Network controls: Security Groups, NACLs, and additional AWS services
Security groups are stateful and should be your primary access control: create an ALB security group allowing inbound 443/80 from 0.0.0.0/0 and tighten instance security groups to only accept traffic from the ALB SG and known management IPs. Example inbound SG rules: 443 from 0.0.0.0/0 (ALB), 22 from your office IP only (or better: disable SSH and use Session Manager/SSM). Network ACLs can provide an additional stateless filter at the subnet level (deny known bad IP ranges, block Telnet/NetBIOS), but avoid relying on NACLs for fine-grained host-level access because they are harder to manage. Enable AWS WAF in front of the ALB to block common web attacks and AWS Shield for DDoS protection if you host public services.

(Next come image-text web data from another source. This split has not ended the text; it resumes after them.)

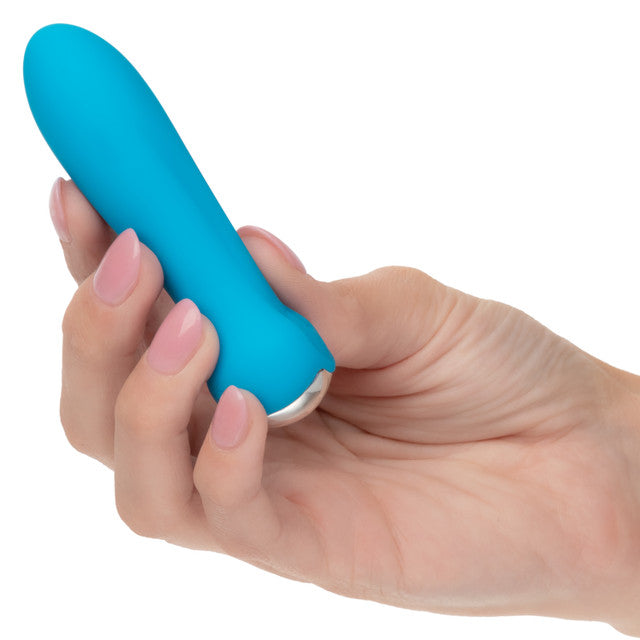 Calexotics Kyst™ Rocket - Discreet Stimulator Massager Vibrator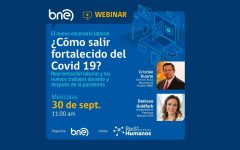 BNE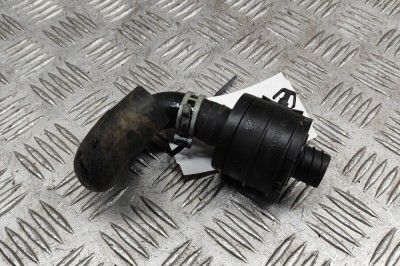 Furtun de lichid de răcire VOLVO XC90 II 2016 OEM: 31404447 28087668 foto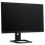 27" Монитор Titan Army P2710S черный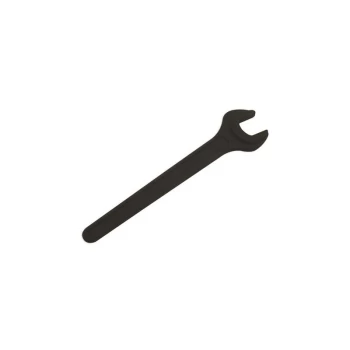 Image of Laser - Spanner - Open Ended - 30mm - 5812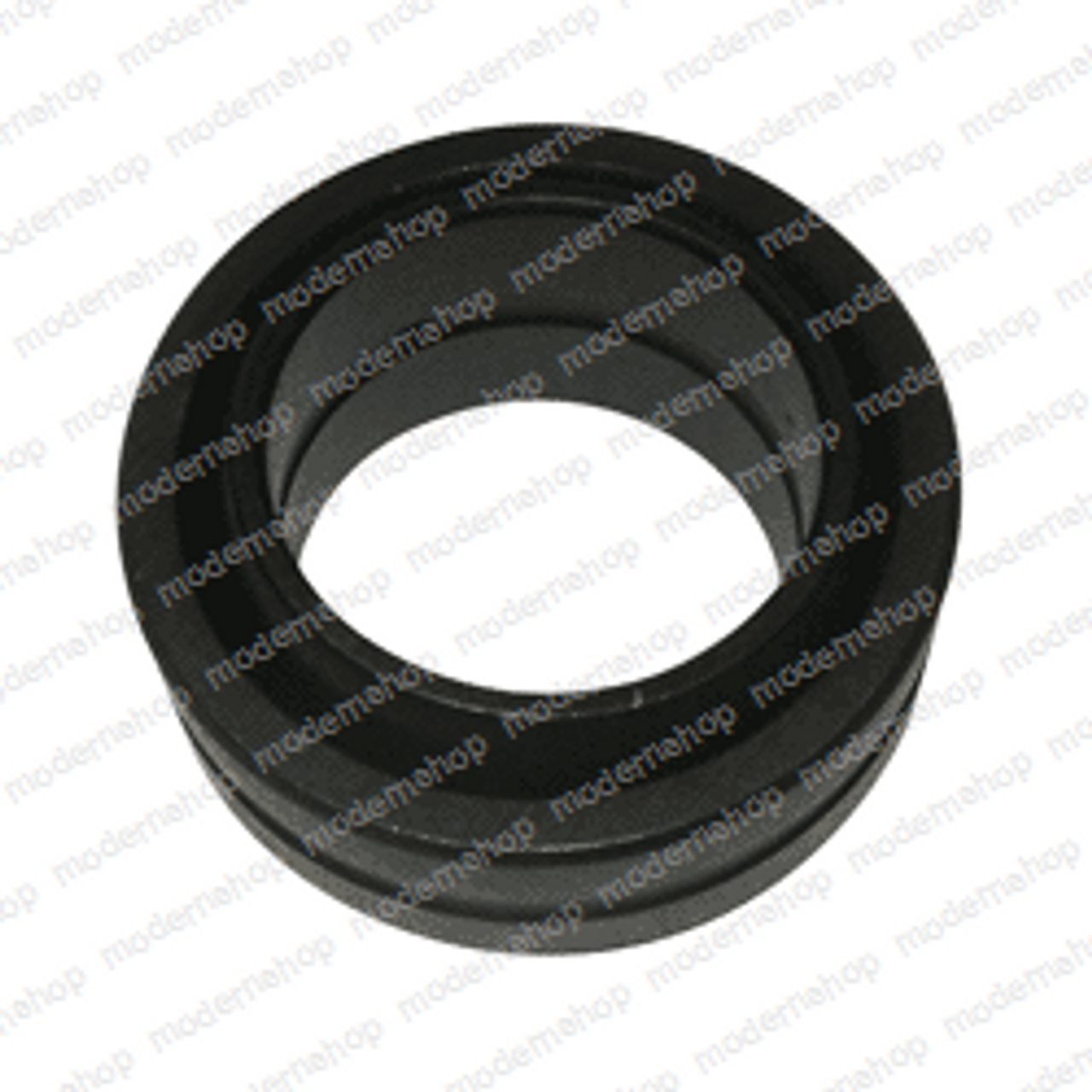 520206: Still Forklift BEARING - SPHERICAL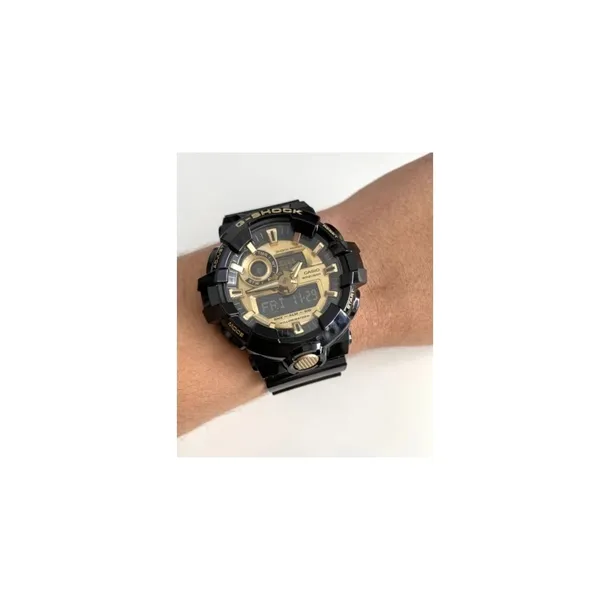 ty163640-marka-casio-kod-producenta-ty163640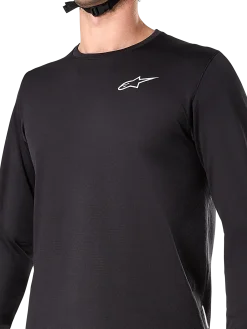 A-Dura Thermo-Trikot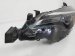 Sold 2018 Toyota Corolla Headlight Driver Headlamp / Light 81150 02M90 Replacement Sold 2018 Toyota Corolla Headlight Driver Headlamp / Light 81150 02M90 Replacement thumbnail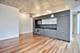 550 N St Clair Unit 1701, Chicago, IL 60611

Monitoring, automation, and audit evidence
Enable VPC Flow Logs (to CloudWatch Logs or S3), AWS Config rules, and CloudTrail to capture configuration and access history required for FAR/CMMC evidence. Use managed Config rules or custom rules to flag: (a) subnets with a route to an IGW, (b) instances with public IPs, and (c) overly permissive security groups (e.g., 0.0.0.0/0 on SSH). Example AWS Config checks: evaluate resources for 'publicly accessible' flags and create remediation runbooks or automated Lambda remediations tied to Config or CloudWatch Events to remove unauthorized public exposure.

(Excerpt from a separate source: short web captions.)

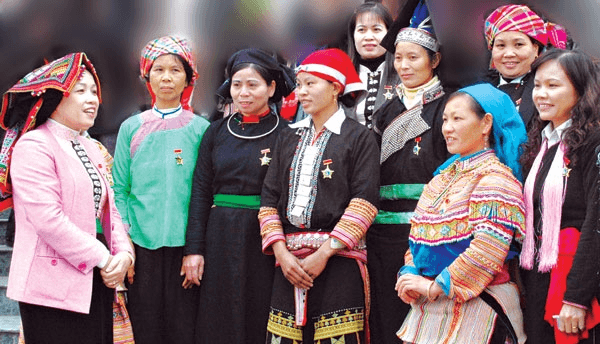 Hỏi-Đáp pháp luật: Tăng cường các điều kiện bảo đảm chất lượng dạy và học cho các cơ sở giáo dục nghề nghiệp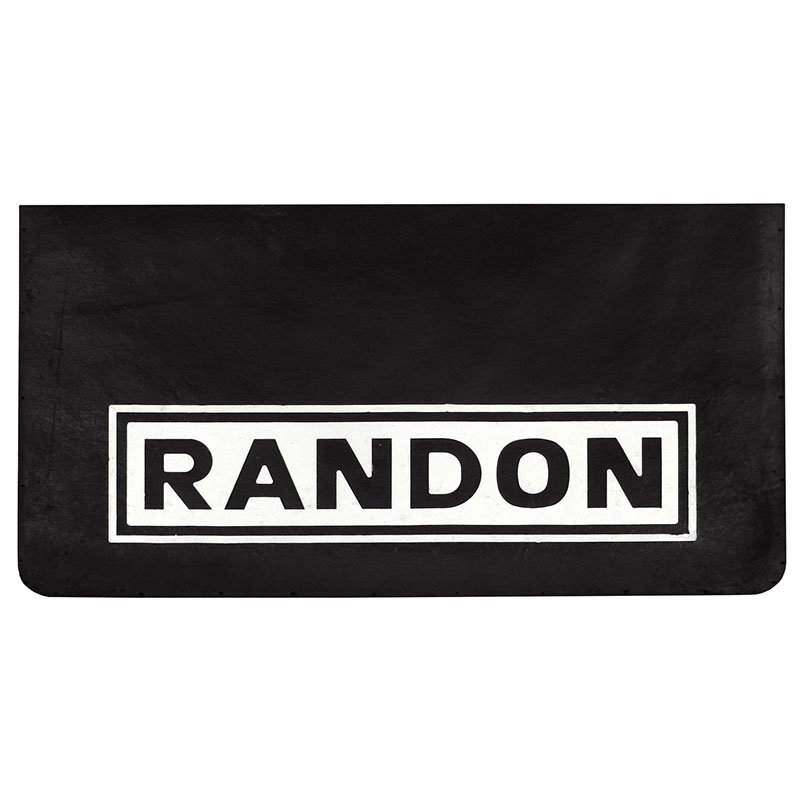 Randon Dianteiro 660 x 350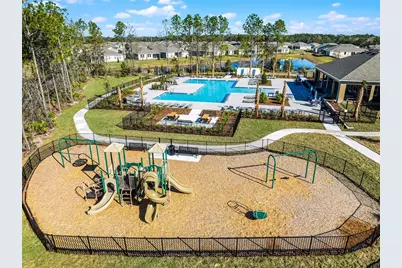300 Bracer Way, Ormond Beach, FL 32174 - Photo 58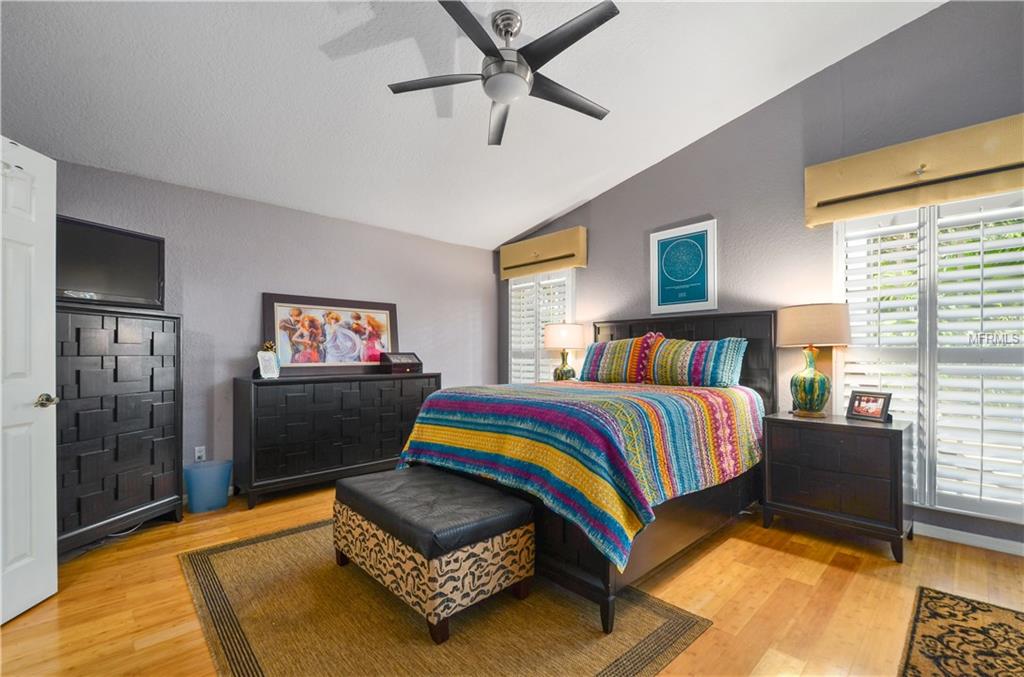 1093 FOGGY BROOK PLACE, LONGWOOD, Florida 32750, 4 Bedrooms Bedrooms, 9 Rooms Rooms,2 BathroomsBathrooms,Residential,For sale,FOGGY BROOK,O5560194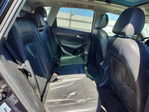 Audi Q5 2014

Small business scenario — concrete example
Example: a small e-commerce company (ContractCo) must host an order portal and store PII in a private database. Implement an ALB in two public subnets, terminate TLS using ACM, and route to EC2/ECS tasks in private subnets. The database (RDS) sits in private subnets with no public IP and access controlled by a DB security group limited to the application SG only. Management access uses AWS Systems Manager Session Manager (no SSH/RDP over the internet). Tag network resources (env=prod, project=orders) and record architecture diagrams and Config rule outputs to include in the compliance package.

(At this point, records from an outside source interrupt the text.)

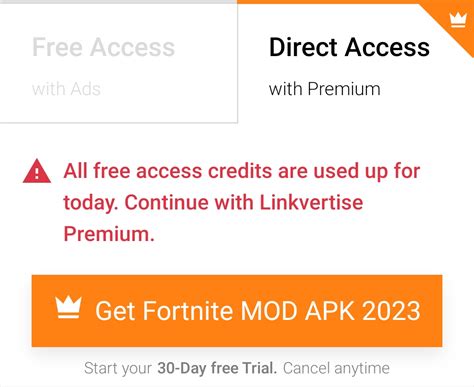 Linkvertise Lifting SIMSCRIPT 的图像结果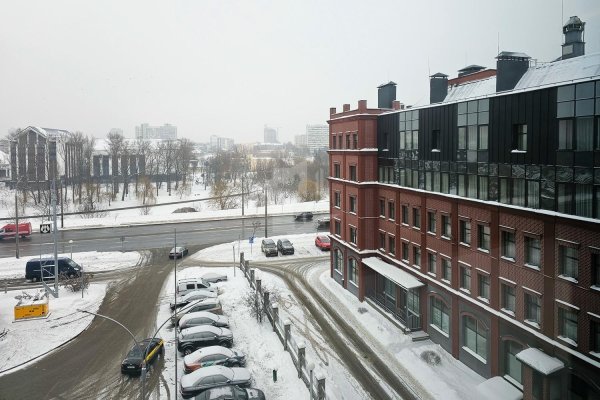 Сдается офисное помещение по адресу г. Минск, Ленина ул., д. 50 - фото 8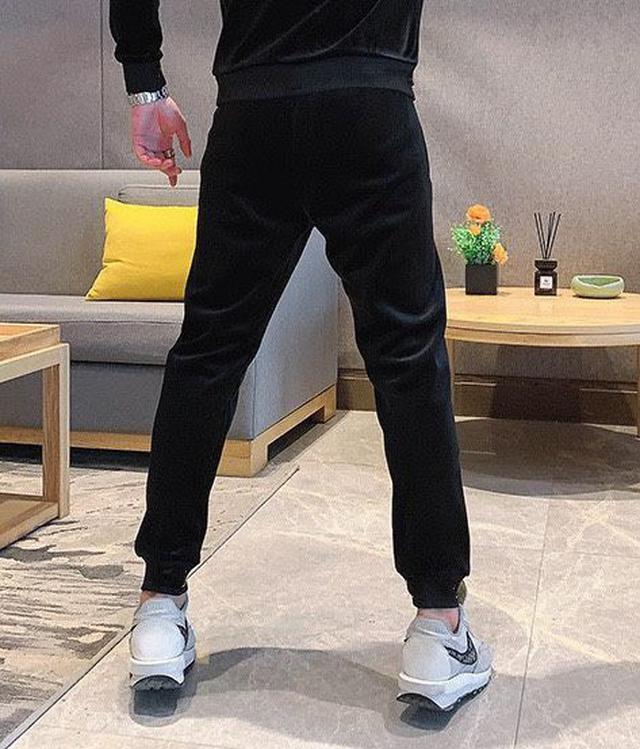 (胖子福音)爆款套装来袭  专注官网原版 2024全新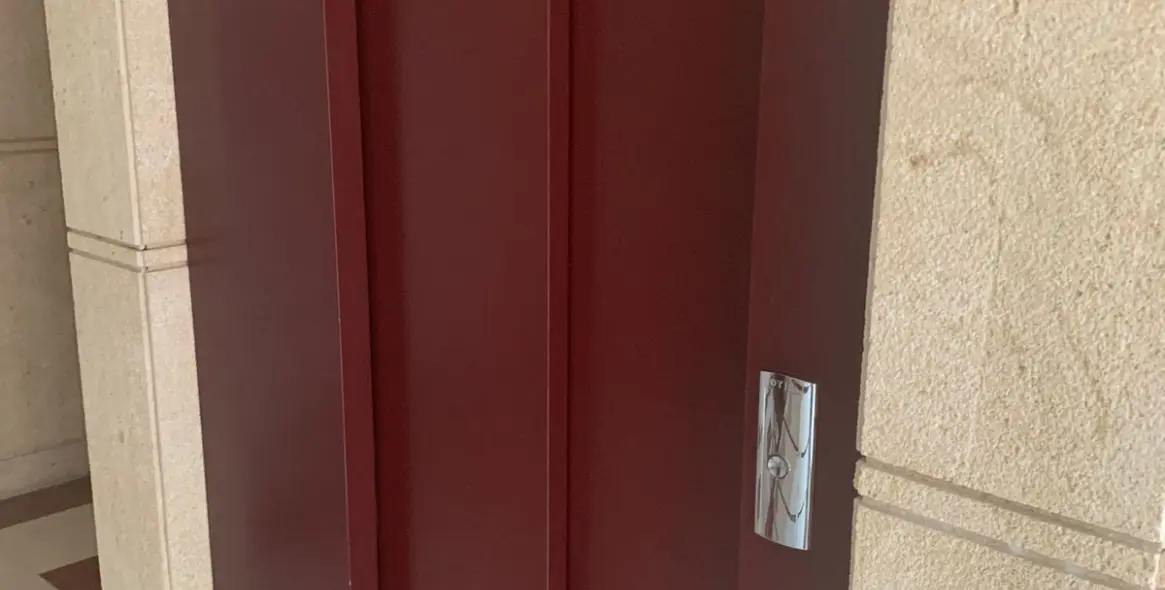 Продажа апартаментов на первом этаже в Bahía de Marbella 20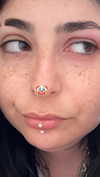 elohim_adirim Altpins Profile Picture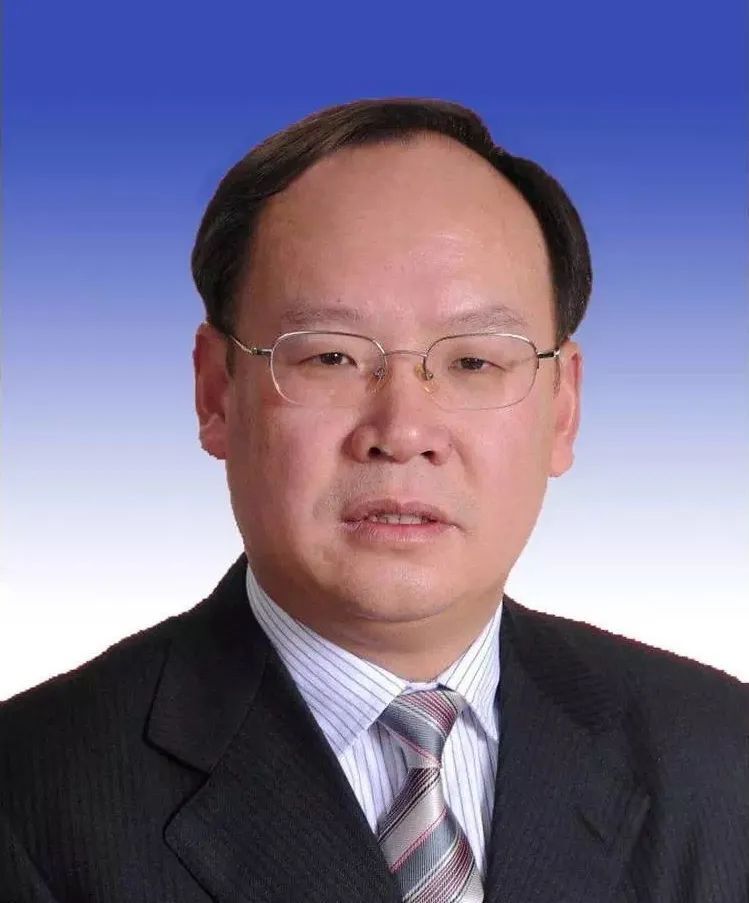 邱现东正式挂帅一汽集团一句话点评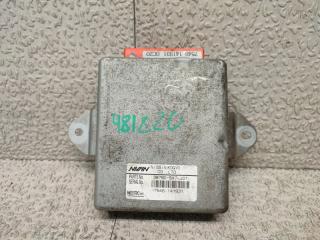 Блок управления abs HONDA STEPWGN RF1 39790-S47-J01 1 ракурс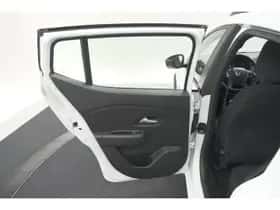 Dacia Sandero Stepway (2022) thumbnail 50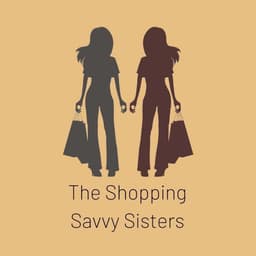 shoppingsavvysisters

Compliance tips and best practices
Document the default baseline (VPC design, subnet CIDRs, security groups, NACLs), perform periodic review of public IP allocation, and include automated checks in CI/CD pipelines (Terraform plan checks, CloudFormation Guard) to prevent accidental exposure. Maintain an exceptions register for any approved public exposure and require time-boxed reviews. Finally, train personnel to use least-privilege patterns (no blanket 0.0.0.0/0 SSH, use SSM instead) and incorporate alerts for newly attached IGWs, public IPs, or changes to route tables that open 0.0.0.0/0.
Summary: Configure dedicated public subnets with an Internet Gateway and ALB/NAT placements, keep sensitive workloads in private subnets, enforce access with security groups and NACLs, enable Flow Logs/Config/CloudTrail for evidence, and automate detection/remediation. These technical controls — when documented and actively monitored — align with FAR 52.204-21 and CMMC 2.0 Level 1 requirements and substantially reduce the risk of inadvertent public exposure for small businesses hosting government-related assets.